### Materials provided

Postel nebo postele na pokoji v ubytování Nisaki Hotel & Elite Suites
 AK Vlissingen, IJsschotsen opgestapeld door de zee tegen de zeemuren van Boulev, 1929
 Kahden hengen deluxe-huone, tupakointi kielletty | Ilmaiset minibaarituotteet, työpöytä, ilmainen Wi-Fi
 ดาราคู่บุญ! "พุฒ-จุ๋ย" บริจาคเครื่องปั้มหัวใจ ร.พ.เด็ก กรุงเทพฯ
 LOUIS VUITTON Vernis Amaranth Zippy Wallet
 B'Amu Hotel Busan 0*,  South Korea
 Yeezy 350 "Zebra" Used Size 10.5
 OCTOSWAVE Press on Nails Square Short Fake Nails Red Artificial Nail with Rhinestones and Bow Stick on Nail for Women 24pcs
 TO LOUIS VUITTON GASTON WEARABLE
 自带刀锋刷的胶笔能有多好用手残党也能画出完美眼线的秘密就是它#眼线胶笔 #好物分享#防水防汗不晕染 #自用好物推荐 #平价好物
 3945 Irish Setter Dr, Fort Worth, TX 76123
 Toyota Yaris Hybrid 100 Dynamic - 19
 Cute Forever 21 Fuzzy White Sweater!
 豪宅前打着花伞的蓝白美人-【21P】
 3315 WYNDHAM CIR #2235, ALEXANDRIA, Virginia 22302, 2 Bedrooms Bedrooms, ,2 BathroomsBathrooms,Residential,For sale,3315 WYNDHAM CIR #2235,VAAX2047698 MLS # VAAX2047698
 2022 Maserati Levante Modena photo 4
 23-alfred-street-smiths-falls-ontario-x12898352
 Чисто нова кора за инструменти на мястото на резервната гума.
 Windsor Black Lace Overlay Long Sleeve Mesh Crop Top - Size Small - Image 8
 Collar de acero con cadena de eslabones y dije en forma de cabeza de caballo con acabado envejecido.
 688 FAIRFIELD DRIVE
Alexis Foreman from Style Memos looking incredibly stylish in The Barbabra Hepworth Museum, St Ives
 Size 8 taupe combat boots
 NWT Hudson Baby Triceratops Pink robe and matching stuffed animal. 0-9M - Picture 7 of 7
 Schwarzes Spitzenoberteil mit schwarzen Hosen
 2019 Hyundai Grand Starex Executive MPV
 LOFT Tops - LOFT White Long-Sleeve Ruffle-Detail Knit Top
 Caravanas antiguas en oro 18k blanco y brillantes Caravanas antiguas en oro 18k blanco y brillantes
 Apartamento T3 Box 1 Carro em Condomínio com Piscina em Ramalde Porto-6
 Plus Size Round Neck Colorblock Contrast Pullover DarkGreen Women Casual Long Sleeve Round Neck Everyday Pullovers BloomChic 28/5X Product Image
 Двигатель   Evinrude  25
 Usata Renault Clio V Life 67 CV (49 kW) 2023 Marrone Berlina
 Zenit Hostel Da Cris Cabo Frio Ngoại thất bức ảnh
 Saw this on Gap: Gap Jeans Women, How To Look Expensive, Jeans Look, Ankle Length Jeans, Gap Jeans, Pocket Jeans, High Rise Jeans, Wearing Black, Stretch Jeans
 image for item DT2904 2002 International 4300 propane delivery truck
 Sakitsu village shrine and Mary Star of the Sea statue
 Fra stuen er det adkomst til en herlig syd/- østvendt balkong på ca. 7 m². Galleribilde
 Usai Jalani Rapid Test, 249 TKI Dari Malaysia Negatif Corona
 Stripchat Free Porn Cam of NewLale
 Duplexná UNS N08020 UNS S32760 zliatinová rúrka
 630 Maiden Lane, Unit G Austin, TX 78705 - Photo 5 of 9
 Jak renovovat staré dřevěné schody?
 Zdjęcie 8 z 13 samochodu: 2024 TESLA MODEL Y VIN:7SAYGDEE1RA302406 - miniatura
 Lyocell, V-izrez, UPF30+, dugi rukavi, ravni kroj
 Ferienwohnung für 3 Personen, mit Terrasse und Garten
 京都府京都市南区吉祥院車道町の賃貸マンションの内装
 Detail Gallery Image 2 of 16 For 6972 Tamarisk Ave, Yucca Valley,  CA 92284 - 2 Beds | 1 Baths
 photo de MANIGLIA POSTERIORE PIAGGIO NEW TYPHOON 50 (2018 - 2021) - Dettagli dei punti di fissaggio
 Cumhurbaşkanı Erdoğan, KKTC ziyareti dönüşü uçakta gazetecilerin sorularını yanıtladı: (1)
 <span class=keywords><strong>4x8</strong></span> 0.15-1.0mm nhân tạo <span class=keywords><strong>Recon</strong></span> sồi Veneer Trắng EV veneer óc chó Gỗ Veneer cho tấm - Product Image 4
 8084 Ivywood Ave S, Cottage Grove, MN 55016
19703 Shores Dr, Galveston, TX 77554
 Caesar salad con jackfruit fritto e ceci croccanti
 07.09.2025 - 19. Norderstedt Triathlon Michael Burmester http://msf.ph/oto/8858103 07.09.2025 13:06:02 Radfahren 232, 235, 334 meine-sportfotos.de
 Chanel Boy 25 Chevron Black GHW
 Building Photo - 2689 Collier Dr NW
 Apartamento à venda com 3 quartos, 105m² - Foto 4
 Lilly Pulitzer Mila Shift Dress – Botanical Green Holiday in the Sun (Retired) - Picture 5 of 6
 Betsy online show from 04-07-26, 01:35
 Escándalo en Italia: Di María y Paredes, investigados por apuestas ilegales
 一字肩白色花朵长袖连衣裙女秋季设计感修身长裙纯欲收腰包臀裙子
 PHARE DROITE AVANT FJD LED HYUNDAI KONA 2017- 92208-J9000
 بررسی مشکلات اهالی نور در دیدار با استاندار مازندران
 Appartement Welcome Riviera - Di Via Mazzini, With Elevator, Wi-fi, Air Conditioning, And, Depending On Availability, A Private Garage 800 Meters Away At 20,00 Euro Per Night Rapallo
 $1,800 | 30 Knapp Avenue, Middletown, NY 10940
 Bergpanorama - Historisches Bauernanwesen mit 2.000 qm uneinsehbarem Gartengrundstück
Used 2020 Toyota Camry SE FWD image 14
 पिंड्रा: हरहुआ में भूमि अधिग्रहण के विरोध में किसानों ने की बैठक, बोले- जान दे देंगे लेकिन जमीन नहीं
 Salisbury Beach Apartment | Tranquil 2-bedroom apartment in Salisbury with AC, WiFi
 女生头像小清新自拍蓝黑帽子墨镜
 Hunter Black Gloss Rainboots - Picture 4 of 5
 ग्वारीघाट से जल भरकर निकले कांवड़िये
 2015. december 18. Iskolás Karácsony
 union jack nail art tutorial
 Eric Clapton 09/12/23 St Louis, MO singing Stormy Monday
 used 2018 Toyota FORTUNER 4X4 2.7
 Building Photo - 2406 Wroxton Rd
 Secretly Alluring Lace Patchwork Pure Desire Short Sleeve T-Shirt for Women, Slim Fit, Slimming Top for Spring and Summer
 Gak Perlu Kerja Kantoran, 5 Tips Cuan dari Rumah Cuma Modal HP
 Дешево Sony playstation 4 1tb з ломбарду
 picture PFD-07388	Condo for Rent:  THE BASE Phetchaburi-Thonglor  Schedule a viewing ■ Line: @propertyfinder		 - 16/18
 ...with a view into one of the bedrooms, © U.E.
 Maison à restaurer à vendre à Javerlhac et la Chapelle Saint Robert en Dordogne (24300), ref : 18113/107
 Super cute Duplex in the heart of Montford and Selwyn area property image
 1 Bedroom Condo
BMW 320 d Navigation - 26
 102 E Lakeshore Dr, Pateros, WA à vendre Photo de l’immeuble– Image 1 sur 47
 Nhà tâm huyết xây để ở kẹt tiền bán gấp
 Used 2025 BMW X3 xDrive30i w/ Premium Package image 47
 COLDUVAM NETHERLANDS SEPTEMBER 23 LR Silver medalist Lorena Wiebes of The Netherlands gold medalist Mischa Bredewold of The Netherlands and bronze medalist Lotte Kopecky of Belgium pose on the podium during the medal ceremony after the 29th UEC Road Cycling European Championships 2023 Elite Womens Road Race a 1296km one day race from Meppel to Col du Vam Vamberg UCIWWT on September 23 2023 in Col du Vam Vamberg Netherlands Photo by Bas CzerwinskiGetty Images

######

_Exercise requirements_:
The reply should consist solely of the lines of the data, exact, from the opening line through the line with "688 FAIRFIELD DRIVE", inclusive.

_Exercise response_:
Postel nebo postele na pokoji v ubytování Nisaki Hotel & Elite Suites
 AK Vlissingen, IJsschotsen opgestapeld door de zee tegen de zeemuren van Boulev, 1929
 Kahden hengen deluxe-huone, tupakointi kielletty | Ilmaiset minibaarituotteet, työpöytä, ilmainen Wi-Fi
 ดาราคู่บุญ! "พุฒ-จุ๋ย" บริจาคเครื่องปั้มหัวใจ ร.พ.เด็ก กรุงเทพฯ
 LOUIS VUITTON Vernis Amaranth Zippy Wallet
 B'Amu Hotel Busan 0*,  South Korea
 Yeezy 350 "Zebra" Used Size 10.5
 OCTOSWAVE Press on Nails Square Short Fake Nails Red Artificial Nail with Rhinestones and Bow Stick on Nail for Women 24pcs
 TO LOUIS VUITTON GASTON WEARABLE
 自带刀锋刷的胶笔能有多好用手残党也能画出完美眼线的秘密就是它#眼线胶笔 #好物分享#防水防汗不晕染 #自用好物推荐 #平价好物
 3945 Irish Setter Dr, Fort Worth, TX 76123
 Toyota Yaris Hybrid 100 Dynamic - 19
 Cute Forever 21 Fuzzy White Sweater!
 豪宅前打着花伞的蓝白美人-【21P】
 3315 WYNDHAM CIR #2235, ALEXANDRIA, Virginia 22302, 2 Bedrooms Bedrooms, ,2 BathroomsBathrooms,Residential,For sale,3315 WYNDHAM CIR #2235,VAAX2047698 MLS # VAAX2047698
 2022 Maserati Levante Modena photo 4
 23-alfred-street-smiths-falls-ontario-x12898352
 Чисто нова кора за инструменти на мястото на резервната гума.
 Windsor Black Lace Overlay Long Sleeve Mesh Crop Top - Size Small - Image 8
 Collar de acero con cadena de eslabones y dije en forma de cabeza de caballo con acabado envejecido.
 688 FAIRFIELD DRIVE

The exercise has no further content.